[v2] mm: batch TLB flushing for dirty folios in vmscan

[PATCH v2 5/5] mm/vmscan: flush TLB for every 31 folios evictions

Posted by Zhang Peng 1 week ago

From: Zhang Peng <bruzzhang@tencent.com>

Currently we flush TLB for every dirty folio, which is a bottleneck for
systems with many cores as this causes heavy IPI usage.

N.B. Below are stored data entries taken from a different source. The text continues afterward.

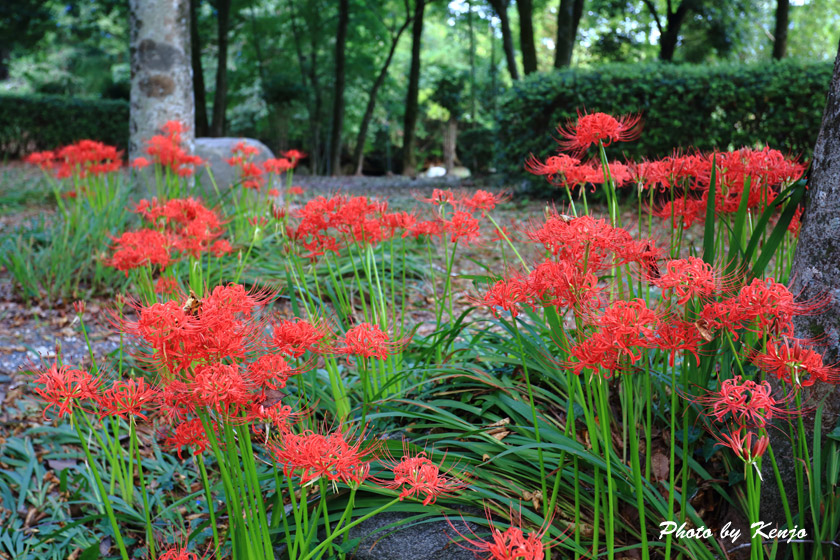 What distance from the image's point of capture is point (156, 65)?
205 inches

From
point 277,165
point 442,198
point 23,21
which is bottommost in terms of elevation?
point 442,198

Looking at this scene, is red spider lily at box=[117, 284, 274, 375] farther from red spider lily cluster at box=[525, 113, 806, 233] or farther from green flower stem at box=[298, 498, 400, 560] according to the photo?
red spider lily cluster at box=[525, 113, 806, 233]

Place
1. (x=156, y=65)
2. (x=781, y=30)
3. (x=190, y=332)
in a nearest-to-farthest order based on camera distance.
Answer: (x=190, y=332) < (x=156, y=65) < (x=781, y=30)

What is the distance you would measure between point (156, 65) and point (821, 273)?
5.08 m

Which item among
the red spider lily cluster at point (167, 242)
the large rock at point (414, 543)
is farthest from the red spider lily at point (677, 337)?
the red spider lily cluster at point (167, 242)

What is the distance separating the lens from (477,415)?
224cm

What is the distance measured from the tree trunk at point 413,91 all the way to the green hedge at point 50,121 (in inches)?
266

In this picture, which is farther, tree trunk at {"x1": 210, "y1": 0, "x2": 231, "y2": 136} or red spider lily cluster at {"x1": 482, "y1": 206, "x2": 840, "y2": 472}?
tree trunk at {"x1": 210, "y1": 0, "x2": 231, "y2": 136}

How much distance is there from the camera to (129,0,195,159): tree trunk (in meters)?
5.13

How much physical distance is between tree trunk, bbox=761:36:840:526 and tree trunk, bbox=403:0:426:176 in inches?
530

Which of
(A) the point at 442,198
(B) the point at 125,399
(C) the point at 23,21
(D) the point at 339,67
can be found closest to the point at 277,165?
(A) the point at 442,198

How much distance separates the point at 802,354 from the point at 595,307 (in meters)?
0.41

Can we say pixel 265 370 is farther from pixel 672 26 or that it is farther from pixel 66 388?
pixel 672 26

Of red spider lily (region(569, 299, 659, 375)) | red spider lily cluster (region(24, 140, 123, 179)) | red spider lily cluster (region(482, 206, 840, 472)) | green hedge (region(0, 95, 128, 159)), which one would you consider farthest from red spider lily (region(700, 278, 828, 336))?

So instead, batch the folios, and flush once for every 31 folios (one
folio_batch). These folios will be held in a folio_batch releasing their
lock, then when folio_batch is full, do following steps:

- For each folio: lock - check still evictable (writeback, lru,  mapped,
  dma_pinned)
  - If no longer evictable, put back to LRU
- Flush TLB once for the batch
- Pageout the folios

Note we can't hold a frozen folio in folio_batch for long as it will
cause filemap/swapcache lookup to livelock. Fortunately pageout usually
won't take too long; sync IO is fast, and non-sync IO will be issued
with the folio marked writeback.

Suggested-by: Kairui Song <kasong@tencent.com>
Signed-off-by: Zhang Peng <bruzzhang@tencent.com>
---
 mm/vmscan.c | 69 ++++++++++++++++++++++++++++++++++++++++++++++++++++++-------
 1 file changed, 62 insertions(+), 7 deletions(-)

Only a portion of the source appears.